After initialization, both heaps are ready with up to candidates elements each. The left pointer marks the next worker available to refill frontHeap, and the right pointer marks the next worker available to refill backHeap. The hiring loop proceeds from there.

Run k hiring rounds. Each round, peek at the tops of frontHeap and backHeap. If frontHeap is empty or backHeap's top is strictly cheaper, hire from backHeap; otherwise hire from frontHeap (front wins on ties). Add the hired cost to the running total.

After hiring from frontHeap, check if left <= right. If so, push (costs[left], left) into frontHeap and increment left. After hiring from backHeap, check if left <= right. If so, push (costs[right], right) into backHeap and decrement right. This maintains the invariant that each heap always has the best available candidates from its side.

After k iterations, return the accumulated total cost. The loop naturally handles the case where the middle region runs out — once left > right, no refilling happens and the heaps shrink round by round until all k hires are complete.

Consider costs = [17, 12, 10, 2, 7, 2, 11, 20, 8], k = 3, candidates = 4. n = 9. frontHeap is initialized with indices 0-3: costs [17, 12, 10, 2] → min-heap top is (2, 3). backHeap is initialized with indices 5-8: costs [2, 11, 20, 8] → min-heap top is (2, 5). left = 4, right = 4.

Round 1: frontHeap top = (2, 3), backHeap top = (2, 5). Tie on cost — hire from front. Hire index 3, cost 2. Refill front: push (costs[4], 4) = (7, 4). left becomes 5. Total = 2.

Round 2: frontHeap top = (7, 4), backHeap top = (2, 5). Back is cheaper. Hire index 5, cost 2. Refill back: left (5) > right (4) — no refill. Total = 4. Round 3: frontHeap top = (7, 4), backHeap top = (8, 8). Front is cheaper. Hire index 4, cost 7. Total = 11. Answer: 11.

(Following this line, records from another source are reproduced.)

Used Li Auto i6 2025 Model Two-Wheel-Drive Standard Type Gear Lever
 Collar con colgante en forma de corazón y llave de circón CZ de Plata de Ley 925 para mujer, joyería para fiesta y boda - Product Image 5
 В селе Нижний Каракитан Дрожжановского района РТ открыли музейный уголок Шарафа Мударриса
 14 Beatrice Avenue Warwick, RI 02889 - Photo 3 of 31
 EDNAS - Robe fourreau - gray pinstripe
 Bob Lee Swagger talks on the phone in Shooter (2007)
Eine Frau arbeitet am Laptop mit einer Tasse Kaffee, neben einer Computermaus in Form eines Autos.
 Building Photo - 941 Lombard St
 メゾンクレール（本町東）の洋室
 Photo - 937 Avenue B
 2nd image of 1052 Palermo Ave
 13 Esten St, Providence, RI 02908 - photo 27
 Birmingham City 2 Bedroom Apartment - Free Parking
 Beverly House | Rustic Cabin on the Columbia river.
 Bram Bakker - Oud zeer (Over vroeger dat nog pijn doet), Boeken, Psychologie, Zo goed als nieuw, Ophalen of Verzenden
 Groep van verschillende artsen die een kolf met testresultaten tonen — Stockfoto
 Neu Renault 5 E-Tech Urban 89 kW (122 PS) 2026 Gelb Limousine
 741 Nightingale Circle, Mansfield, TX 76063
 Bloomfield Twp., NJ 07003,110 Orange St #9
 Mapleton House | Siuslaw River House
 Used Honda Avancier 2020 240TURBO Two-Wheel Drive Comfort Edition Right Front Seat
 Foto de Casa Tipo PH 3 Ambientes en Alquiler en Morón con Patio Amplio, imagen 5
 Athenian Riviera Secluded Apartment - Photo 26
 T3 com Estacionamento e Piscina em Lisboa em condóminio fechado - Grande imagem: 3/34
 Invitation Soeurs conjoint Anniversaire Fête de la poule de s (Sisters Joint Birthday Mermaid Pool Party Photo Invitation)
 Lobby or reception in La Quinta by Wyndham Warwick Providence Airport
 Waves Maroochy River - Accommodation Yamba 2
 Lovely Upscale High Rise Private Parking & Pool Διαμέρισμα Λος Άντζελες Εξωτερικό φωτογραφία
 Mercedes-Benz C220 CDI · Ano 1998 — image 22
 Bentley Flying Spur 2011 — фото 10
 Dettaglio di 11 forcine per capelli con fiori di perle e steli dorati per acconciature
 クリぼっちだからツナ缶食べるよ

In Python, use heapq for both heaps. Initialize frontHeap with heapq.heapify on the first candidates (cost, index) pairs. Build backHeap similarly from the tail. The main loop uses heapq.heappop and heapq.heappush. Time complexity: O(candidates * log(candidates)) init + O(k * log(candidates)) loop. Space: O(candidates) for both heaps combined.

In Java, use PriorityQueue<int[]> with a comparator that first compares cost (a[0] vs b[0]) then index (a[1] vs b[1]) for tie-breaking. Populate both queues in initialization loops, then run the k-round hiring loop with offer and poll operations. The logic mirrors the Python version exactly.

Edge cases to handle: when candidates >= n/2, the windows fully overlap — initialize only frontHeap with all workers and skip backHeap entirely. When n <= 2 * candidates, use left > right check from the start to avoid double-inserting any worker. Both languages handle this with the same pointer boundary checks.

Total Cost to Hire K Workers belongs to the two-heap and sliding-window-heap family. Maximum Subsequence Score (LeetCode 2542) uses a min-heap of size k to greedily maximize a sum-times-minimum score — a direct companion problem that shares the "maintain top-k with a heap" insight. Kth Largest Element in a Stream (LeetCode 703) introduces the canonical min-heap-of-size-k pattern for online data.

Course Schedule III (LeetCode 630) uses a max-heap to greedily swap out the longest course when the time budget is exceeded — the same "evict the worst, keep the best" strategy. The Find Median from Data Stream problem (LeetCode 295) is the classic two-heap problem where front and back heaps represent lower and upper halves of a sorted stream.

The unifying principle across all these problems: when you need efficient access to the minimum or maximum of a dynamically changing subset, a heap lets you do it in O(log n) per operation rather than O(n) per scan. Recognizing when to use one heap vs two heaps vs a heap + pointer is the key skill this problem family develops.